[Caption-style text data]
=-=-=
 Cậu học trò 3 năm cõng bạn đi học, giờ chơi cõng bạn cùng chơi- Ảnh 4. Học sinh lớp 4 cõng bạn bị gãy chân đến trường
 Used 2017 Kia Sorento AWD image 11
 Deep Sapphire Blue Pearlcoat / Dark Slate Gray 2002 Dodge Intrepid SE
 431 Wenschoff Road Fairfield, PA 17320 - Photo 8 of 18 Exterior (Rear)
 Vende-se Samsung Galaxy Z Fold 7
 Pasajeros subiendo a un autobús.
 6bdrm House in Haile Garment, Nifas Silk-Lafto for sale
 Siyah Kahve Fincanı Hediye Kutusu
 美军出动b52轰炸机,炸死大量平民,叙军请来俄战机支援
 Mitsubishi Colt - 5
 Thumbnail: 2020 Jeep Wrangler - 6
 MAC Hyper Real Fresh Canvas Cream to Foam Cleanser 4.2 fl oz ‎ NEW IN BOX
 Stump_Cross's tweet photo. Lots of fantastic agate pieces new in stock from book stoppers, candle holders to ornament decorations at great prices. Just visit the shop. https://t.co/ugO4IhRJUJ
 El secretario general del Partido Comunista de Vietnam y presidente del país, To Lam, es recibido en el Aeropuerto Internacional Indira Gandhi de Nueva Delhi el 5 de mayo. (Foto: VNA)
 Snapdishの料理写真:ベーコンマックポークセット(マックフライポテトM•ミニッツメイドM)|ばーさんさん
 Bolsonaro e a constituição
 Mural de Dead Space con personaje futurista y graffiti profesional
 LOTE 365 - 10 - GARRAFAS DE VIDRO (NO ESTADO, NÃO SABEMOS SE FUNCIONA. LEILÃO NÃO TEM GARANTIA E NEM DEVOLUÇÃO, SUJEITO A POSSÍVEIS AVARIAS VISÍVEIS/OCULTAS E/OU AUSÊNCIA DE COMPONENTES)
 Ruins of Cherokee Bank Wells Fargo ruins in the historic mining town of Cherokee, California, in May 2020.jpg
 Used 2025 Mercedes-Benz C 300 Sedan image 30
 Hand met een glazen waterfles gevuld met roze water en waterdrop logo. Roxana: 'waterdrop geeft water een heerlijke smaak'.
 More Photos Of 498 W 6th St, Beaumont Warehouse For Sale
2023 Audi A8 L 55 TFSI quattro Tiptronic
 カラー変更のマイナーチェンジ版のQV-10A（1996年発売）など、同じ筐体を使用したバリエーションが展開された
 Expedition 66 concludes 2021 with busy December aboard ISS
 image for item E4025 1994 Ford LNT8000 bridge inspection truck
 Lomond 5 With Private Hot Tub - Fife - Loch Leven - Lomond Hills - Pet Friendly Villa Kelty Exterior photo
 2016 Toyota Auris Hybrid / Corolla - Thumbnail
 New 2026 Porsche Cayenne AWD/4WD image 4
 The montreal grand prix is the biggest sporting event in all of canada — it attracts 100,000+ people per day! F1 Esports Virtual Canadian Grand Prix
=-=-=
* What the exercise asks *
Begin at the line containing "LOTE 365 - 10" and reproduce every line through the last one in the records above, exactly.

* Answer area *
 LOTE 365 - 10 - GARRAFAS DE VIDRO (NO ESTADO, NÃO SABEMOS SE FUNCIONA. LEILÃO NÃO TEM GARANTIA E NEM DEVOLUÇÃO, SUJEITO A POSSÍVEIS AVARIAS VISÍVEIS/OCULTAS E/OU AUSÊNCIA DE COMPONENTES)
 Ruins of Cherokee Bank Wells Fargo ruins in the historic mining town of Cherokee, California, in May 2020.jpg
 Used 2025 Mercedes-Benz C 300 Sedan image 30
 Hand met een glazen waterfles gevuld met roze water en waterdrop logo. Roxana: 'waterdrop geeft water een heerlijke smaak'.
 More Photos Of 498 W 6th St, Beaumont Warehouse For Sale
2023 Audi A8 L 55 TFSI quattro Tiptronic
 カラー変更のマイナーチェンジ版のQV-10A（1996年発売）など、同じ筐体を使用したバリエーションが展開された
 Expedition 66 concludes 2021 with busy December aboard ISS
 image for item E4025 1994 Ford LNT8000 bridge inspection truck
 Lomond 5 With Private Hot Tub - Fife - Loch Leven - Lomond Hills - Pet Friendly Villa Kelty Exterior photo
 2016 Toyota Auris Hybrid / Corolla - Thumbnail
 New 2026 Porsche Cayenne AWD/4WD image 4
 The montreal grand prix is the biggest sporting event in all of canada — it attracts 100,000+ people per day! F1 Esports Virtual Canadian Grand Prix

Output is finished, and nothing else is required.